▶ **How to complete this task**
From the records below, extract only the lines running from the line with "The Success Principles(TM): How" to the line with "2023年安徽师范大学专升本《美术学》专业考试大纲一览", both lines included, reproducing them exactly.

▶ **Source material**
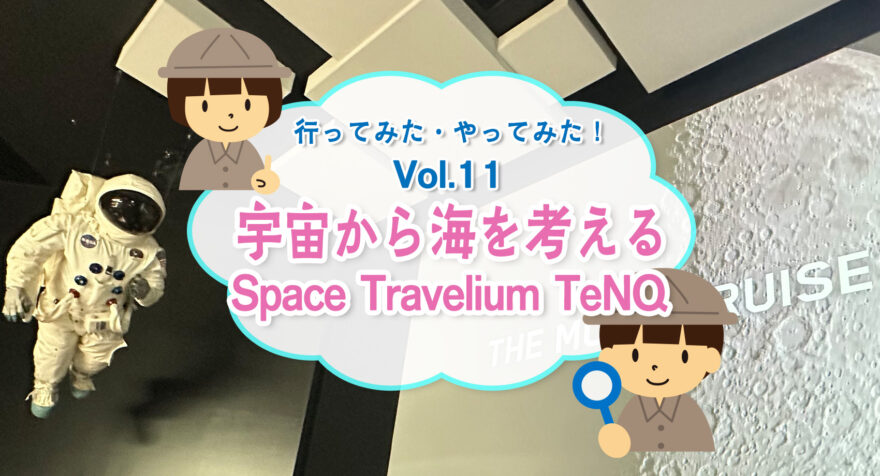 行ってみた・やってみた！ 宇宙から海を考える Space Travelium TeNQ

...

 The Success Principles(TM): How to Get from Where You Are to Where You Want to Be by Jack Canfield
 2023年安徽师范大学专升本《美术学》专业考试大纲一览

▶ **Solved problem**
 The Success Principles(TM): How to Get from Where You Are to Where You Want to Be by Jack Canfield
 2023年安徽师范大学专升本《美术学》专业考试大纲一览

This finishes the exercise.